Parse.ly 30 million news headlines and summaries from 500K web sources (30M entries, >20GB data)
Overview
Since 2009, Parse.ly’s crawlers have fetched nearly 30M articles from thousands of sources across the web. This InfoChimps exclusive dump provides web application developers, computational linguists, researchers, and other interested parties with a slice of online news media, basically unparalleled in recency, size, scope, completeness, and structure.
The structure of the database is straightforward. The articles collection contains the following fields: title, summary, link, pub_date
In addition to the following fields: source_link, source_name. They describe the source the article came from, both the link, and in many cases a humanized name.
Additional metadata includes created and updated, that are timestamps from the RSS/Atom feeds. These can be different from the pub_date, and can indicate whether a story was revised multiple times after publication.

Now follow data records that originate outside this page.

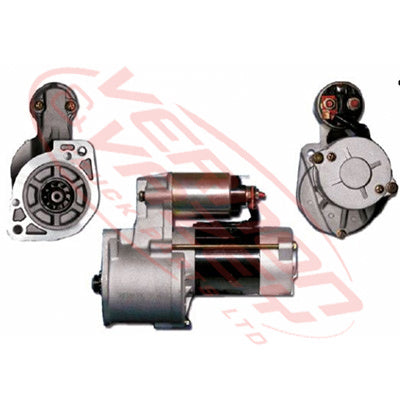 STARTER MOTOR - 12V - 10 TEETH PINION - 2.0KW - MITSUBISHI 4M40 - MS-SM-2010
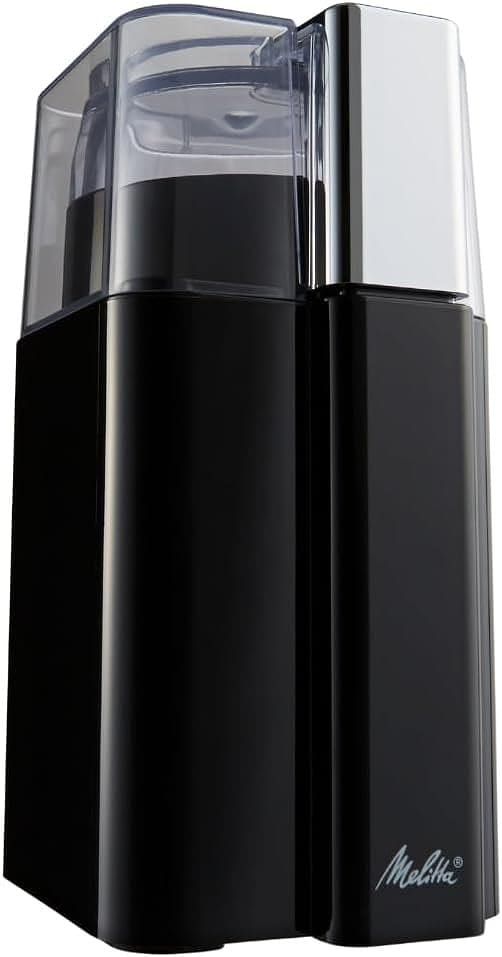 メリタ コーヒーミル 電動 バリエ ピアッツァ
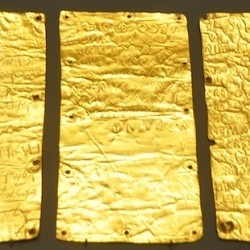 Pyrgi, Gold Tablets (copy)
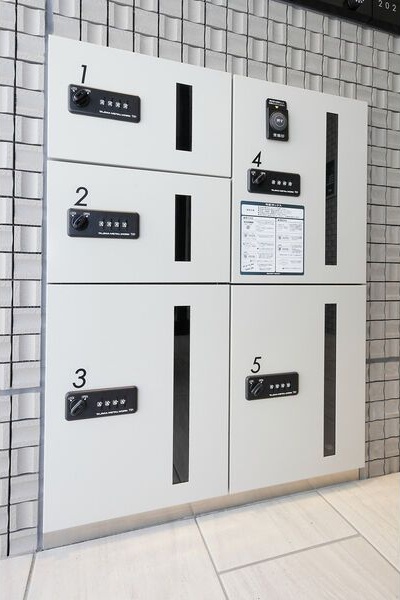 グランディスタ六丁の目 その他共有部分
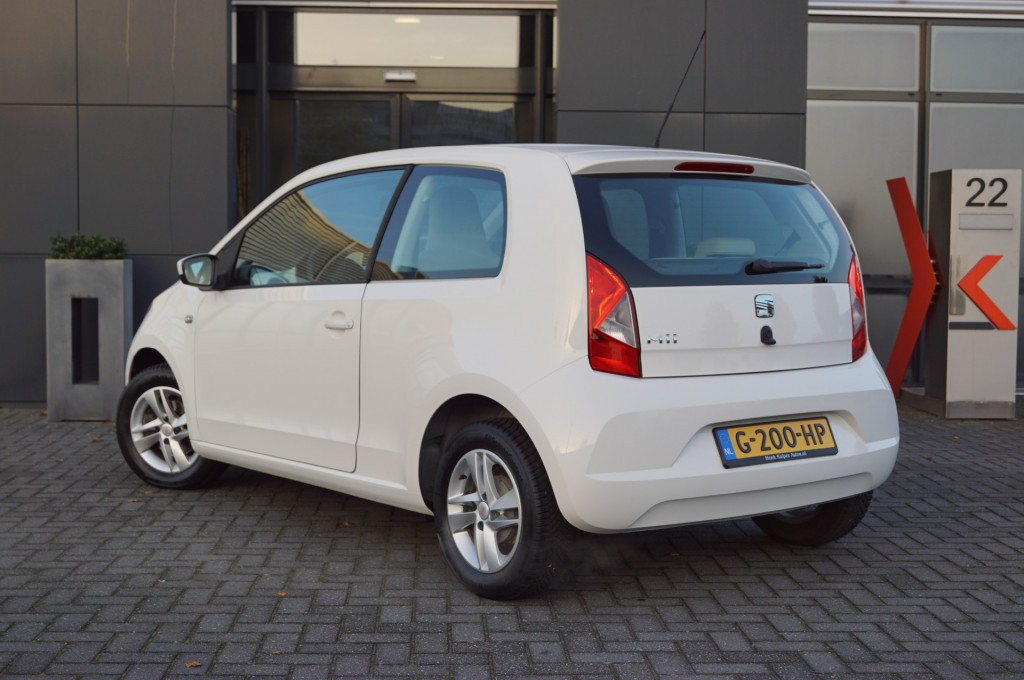 Hoofdafbeelding SEAT Mii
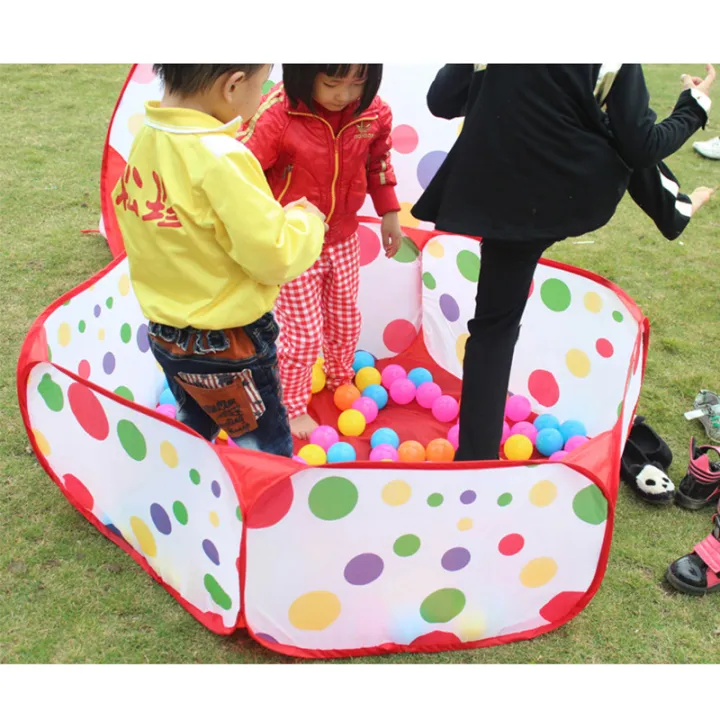 Children's%201m%20ocean%20ball%20pool%20pet%20folding%20tent%20(without%20ball)%20-%20Image%206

Finally, identity information is provided: signature_hash and unique_id. The signature_hash is calculated based upon a “text signature” — you can group by these to eliminate dupes and near-duplicates. The unique_id is a short unique code we generated for link shortening purposes. This is usually more convenient than referencing a URL, which can be long.
An example article
{’created’: datetime(2009, 9, 21, 6, 46, 28, 647000),
‘link’: ‘http://trueslant.com/johnkinsellagh/2009/09/20/obamas-health-care-media-blitz-continues/’,
‘pub_date’: datetime(2009, 9, 20, 16, 36, 54),
‘signature_hash’: ‘af3fa290282ad1ba1fe68a3db25eee3c’,
‘source_link’: ‘trueslant.com’,
‘source_name’: ‘True/Slant’,
‘summary’: " … from not only the White House, but from the Speaker of the House, is it any wonder that many Americans are confused about Obama’s health care …",
‘title’: “Obama’s health care media blitz can’t save his ‘plan’”,
‘unique_id’: ‘FeR3’,
‘updated’: datetime(2009, 9, 21, 6, 46, 28, 688000)}
There are almost 30 million entries like this one, ranging from 2009-2011. Here are 10 news headlines with sources chosen at random:
- Tesla to begin trading stock Tuesday (San Jose Mercury News)
- Palin Calls For Tort Reform (RealClearPolitics)
- A new look for fashion (Toronto Sun)
- Lynch holds Aug. 25 senior forum on healthcare (Wicked Local)
- PayPal Mobile 2.5 Covers 23,000 Charities (Coated)
- Google Ventures Hires an Entrepreneur-in-Residence (NYTimes Blog)
- Review: Lady Gaga enthralls her army of little monsters (Vancouver Sun)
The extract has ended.